HUMAN WRECKAGE
The Wonderful World of Words
I remember an amusing conversation with my
brother Bob. It would’ve been sometime in 1995, around the time of the second Quebec referendum on
sovereignty. The circumstance is vague, perhaps he was in Calgary
on business or I had run up to Edmonton
for a weekend visit. Anyway, he described the separatist premier of our native
province as corpulent. I said something like, ‘Great word!’ Together we decided
that the bilious buffoon was porcine too.
Bob went on to say that one of his very
favourite words was anthrax: ‘Even if you have no idea what it is, you know
it’s bad.’ And isn’t anthrax a nasty word?

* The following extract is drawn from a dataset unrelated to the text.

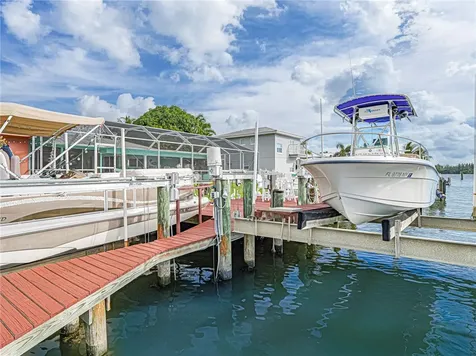 11 Starfish Drive Vero Beach FL 32960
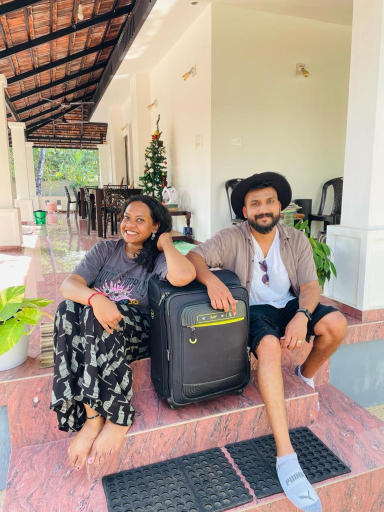 Food & Drinks 3, SALT LIFE MARARI BEACH VILLA / HOMESTAY, Alappuzha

It’s ugly on paper, in cursive or
typeset, no screen font can make it attractive, and it’s harsh to speak or hear.
I’m dubious that a rose named anthrax would smell as sweet.
Some words are so aptly coined that they
suggest their definitions. Others are not so transparent. I always need a
moment to remind myself that hirsute simply means hairy and has nothing whatsoever
to do with being particularly astute or incredibly intelligent. An interlocutor
is not a murderous midnight rambling house-breaker, just curious, and a
sinister questioner would be more of an inquisitor.
Friday night Ann and I hosted a houseful of
young people who played board games around the dining room table. We sat at the
kitchen counter playing tunes and Scrabble. We stayed up a little later than we
normally do. The next morning as we prepared to scrub and gussy up the back
porch and steps, no point showering, Ann allowed that she felt a little grotty.
‘What a great word!’ I said. I was feeling the same way but had been thinking:
thick, dopey, slow. I’d forgotten such an evocative word as grotty.